ほし お母さんはそのとき、ひとりで勉強みたいなことをしてるんですよね。
細馬 そう。2コマ目でまるでどうってことないみたいにすぐ勉強に戻っちゃうのね。そもそも1コマ目で「あなたの事見たわよ」っていうのも、誰といたっていうのを全く言わないじゃないですか。ただ「あなたの事見たわよ」ってお母さんが言って、お父さんが「声かけろよ」って。この2つのセリフを見ても、浮気がばれてるっていう感じがしない。でも「一瞬考えたけど、邪魔しないほうがいいかなって思っちゃった」ってところで、誰のこととは言っていないけど、邪魔しちゃいけないようなシチュエーションをわたしは見たって言ってる。この1コマだけでものすごく話が進んでるなって思う。
で、お母さんがすぐに話を変えるんですね。つまり、あなたあの女誰なのよとか、ふつうは火曜サスペンス劇場があるわけだけど、それがない。「わたし今日ブラブラしてたから、少しがんばるね」って話を変えているところに、お父さんがいきなり「別れようか?」って。それに対してお母さんが「ううん。いいよ別にどっちでも」って。この3コマの展開は衝撃を受けましたね。『きょうの猫村さん』の勤めているおうちも複雑ですけど。ほしさん、わりとさらっとエグいこと描くよね。
ほし エグいですよね。
細馬 しかもこの夫婦ってものすごい先読みしていきますよね。この2人のこの3コマって、ふつうのマンガやったら何ページもかけないと論争が収まらないはずなのに、お互いに相手の言っていることの2つぐらい先に対して返答している。その2つのなかに論争とか大ゲンカの種があるはずなのに、全部スキップしている。この周到さってたぶん、りくにとっては厳しい。
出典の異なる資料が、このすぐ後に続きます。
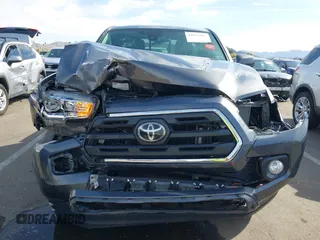 2018 Toyota Tacoma SR with VIN 5TFRX5GN8JX116802, listed as a IAAI auction lot 41879503 with 86,448 mi miles and . Bid and sale history available at DreamBid. Image 13.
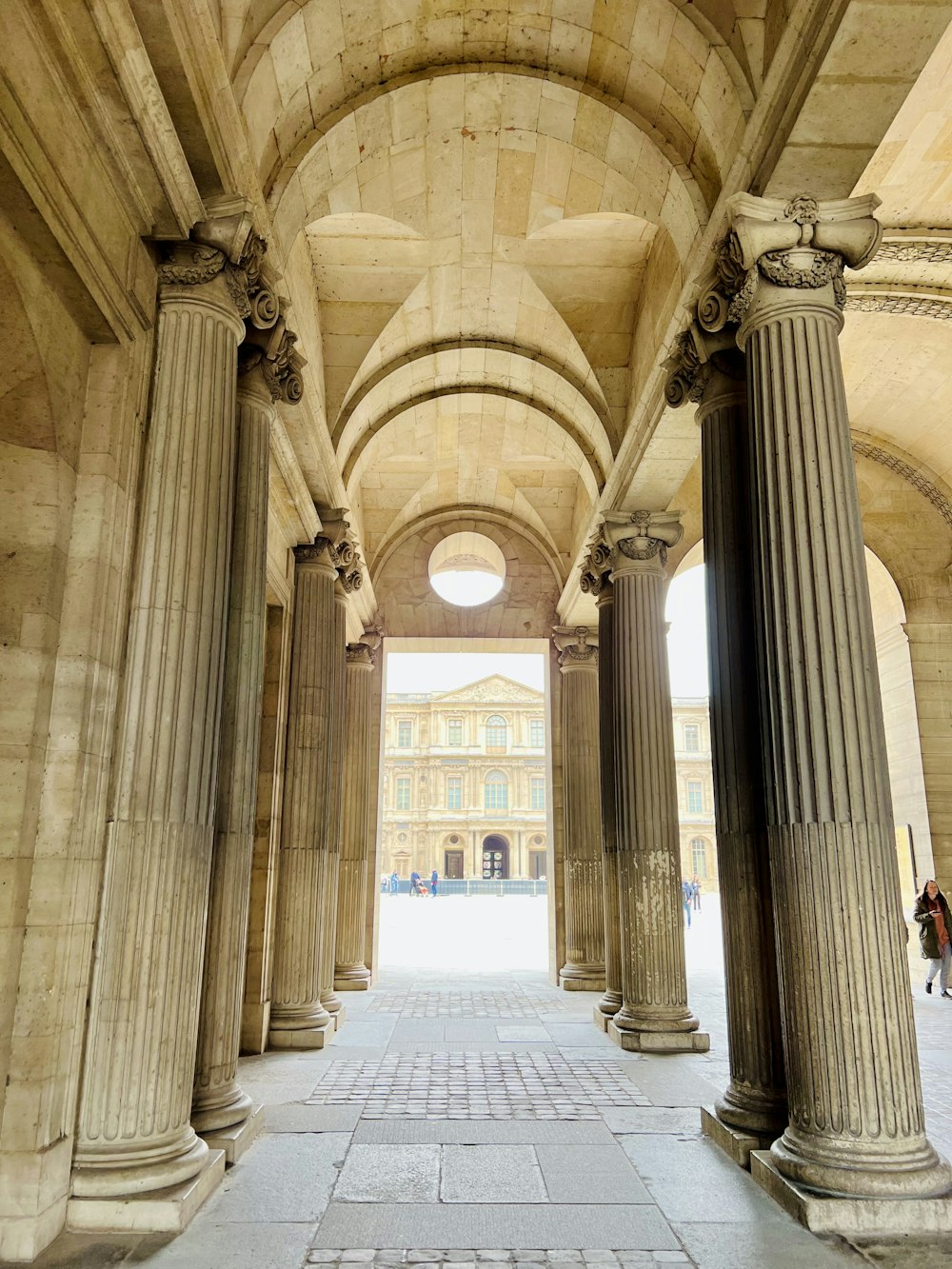 a hallway with columns and a clock on the wall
これがたぶん彼女が泣けない理由、逆に好きに涙をコントロールできる理由なのかなって思いましたね。
ほし この3人はコントロールしてる気になってますよね。スマートなふうに「わたし理解のある感じだよ」「僕は君に隠しもしないよ、正直だよ」みたいな感じにしてて、「別れたほうがいいなら別れるよ」「ううん。わたしそんな裁量の狭い女じゃないわよ」って。りくも「わたしは好きなときに泣けるし、ママがそう思ってるなら、そういうふうにできる」って、みんな理解したひとみたいな気分でいるけれど、誰も本質的なことは全然理解できていなくて、自分のこともわかっていないっていうひとたち。
細馬 よくそんな不思議なキャラクターのひとを描いたね。りくにしても、内野さんが家に来たとき「ママのしてほしいことをしてあげる」っていきなり小鳥をきゅって握っちゃうでしょう。あれもステップが2つか3つ飛んでるんですよ。いきなり小鳥をきゅっとやるのって、もっとそこに至るまでの説明が必要やし、それは、この小鳥は一体誰が買ったの? とか、買ったひとに対してママはこういうふうに思っているとか、そのひとがうちに来て和気あいあいと話してて腹立たないの? とか、そういうのを10ページか20ページぐらいかけないと説明できない。彼女はいきなりそれを飛ばすね。ママがそれまでの内野さんとパパとりくと自分との会話を全部すっ飛ばして「デザート出すわ」っていう怖さに通じるね。ママもパパもかっこつけてすっ飛ばすひとだけど、同じようなことをりくもやっているような感じがしましたね。面白い。